Rafał Jackiewicz stracił zwycięstwo w skandalicznych okolicznościach. Promotorzy Rico Muellera złożyli protest, który według managera niemieckiego boksera został uznany przez komisję Niemieckiego Związku Bosku Zawodowego (BDB). Według niemieckich mediów walka zostanie unieważniona, a decyzja powinna zostać oficjalnie ogłoszona w ciągu kilkudziesięciu godzin.

Stary, dobry, a przede wszystkim niezniszczalny Rafał Jackiewicz (52-26-2, 22 KO). Polak dowiedział się o walce kilka dni przed terminem, pojechał na teren rywala, toczył jeszcze wojnę o swoją wypłatę w dniu gali, a na końcu pobił faworyta gospodarzy. Zaraz potem zaczęły się jednak poważne kłopoty polskiego boksera.

Zobacz wideo Mike Tyson vs Roy Jones Jr. "Ludzie chcą Tysona. Nieważne, ile ma lat"

Organizowaną przez grupę Huck Service Gmbh galę w Braunlage (w walce wieczoru Marco Huck pokonał Dennisa Lewandowskiego) nadzorowała komisja BDB (Bund Deutscher Berufsboxer). Promotorzy Rico Muellera po walce złożyli protest na decyzję sędziów, którzy przyznali po walce zwycięstwo Polakowi na punkty (57-57, 58-56, 58-56).

Menedżer Rico Muellera, Charlie Podehl, zdradził w rozmowie z BOXEN1, że sędziowie BDB uznali jego protest. - Natychmiast po ogłoszeniu decyzji złożyliśmy protest do BDB. Po przeprowadzeniu rozsądnych i rzeczowych rozmów z odpowiedzialnymi osobami, walka została ponownie oceniona przez pięciu niezależnych sędziów wewnątrz BDB. Cała piątka sędziów zobaczyła zwycięstwo Rico Muellera z dwoma punktami - przyznał.

Choć oficjalnej decyzji BDB jeszcze nie ogłoszono, wiele wskazuje na to, że Jackiewicz straci zwycięstwo wywalczone w sobotę. Oficjalnego ogłoszenia tej decyzji należy spodziewać się w ciągu najbliższych kilkudziesięciu godzin. Według niemieckich mediów walka zostanie unieważniona.

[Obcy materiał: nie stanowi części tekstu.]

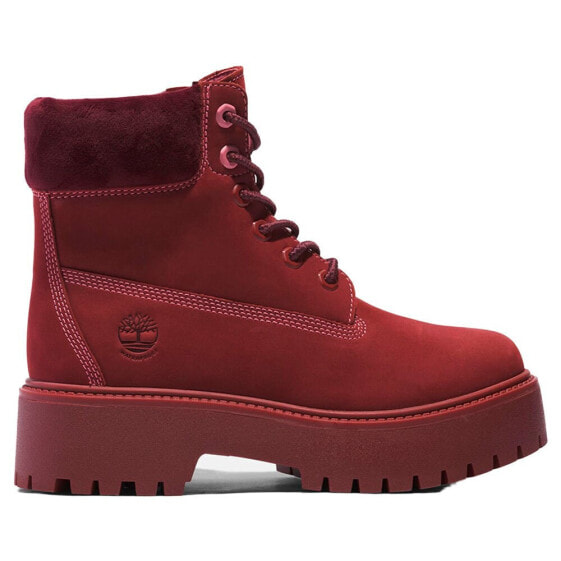 TIMBERLAND Stone Street 6´´ Boots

Swój komentarz w tej sprawie zamieścił już także w mediach społecznościowych sam Jackiewicz. - Dożyliśmy czasów kiedy to werdykty walk bokserskich podejmowane są korespondencyjnie kilka dni po przy stoliku. Także lejdisy i dżentelmeny ogłaszam, że według 5 NIEzależnych i uczciwych sędziów walkę z Rico Ciperem niestety przegrałem JEB,JEB - napisał polski bokser.